Are we focused on the right issues? Are we missing out on key policy areas? Are we producing practical and concrete policy recommendations? Are we effectively communicating our ideas and policy thinking to the public and politicians?

Introspection and renewal, in other words, shouldn’t be limited to partisans. There’s an onus on the country’s conservative intellectual and policy class to similarly think about how to bring greater political expression to our ideas and values. 

It seems to me that progressive intellectuals have done a more effective job at establishing greater proximity to the policy process and producing more practical and relevant advice. Some of this, as mentioned, may merely reflect the current mix of dominant policy issues, but one gets the sense that it’s more than that. A combination of progressive ideas and politics have slowly yet surely brought the centre of Canadian politics to them. 

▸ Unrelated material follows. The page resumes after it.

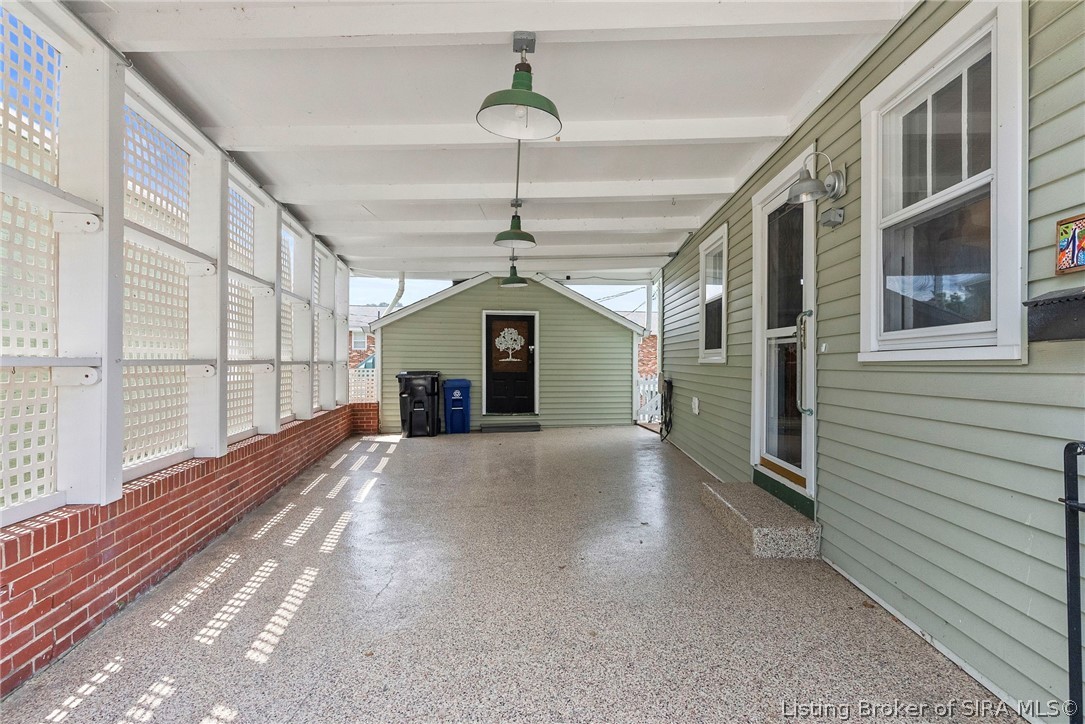 128 West Street Property Photo 29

In response to these leftward developments, there can be a tendency on the part of conservative writers and scholars to summarily reject progressive policies but not communicate a comprehensive and practical alternative. This approach is an intellectual and political loser that invariably contributes to a vicious cycle of embattlement and marginalization. As one of The Hub’s contributors recently observed, it’s not enough for Conservatives (or conservatives) to articulate what they’re against; they also need to define what they’re for. 

The upshot is that this disjunctive political moment should be more than another round of swapping party leaders as an end in itself. It should be a call to the broader world of Canadian conservatism to ask itself about the right path for the future of its intellectual and political movement. That’s the first step to renew its sense of energy and purpose and ultimately challenge the progressive ascendancy in our politics.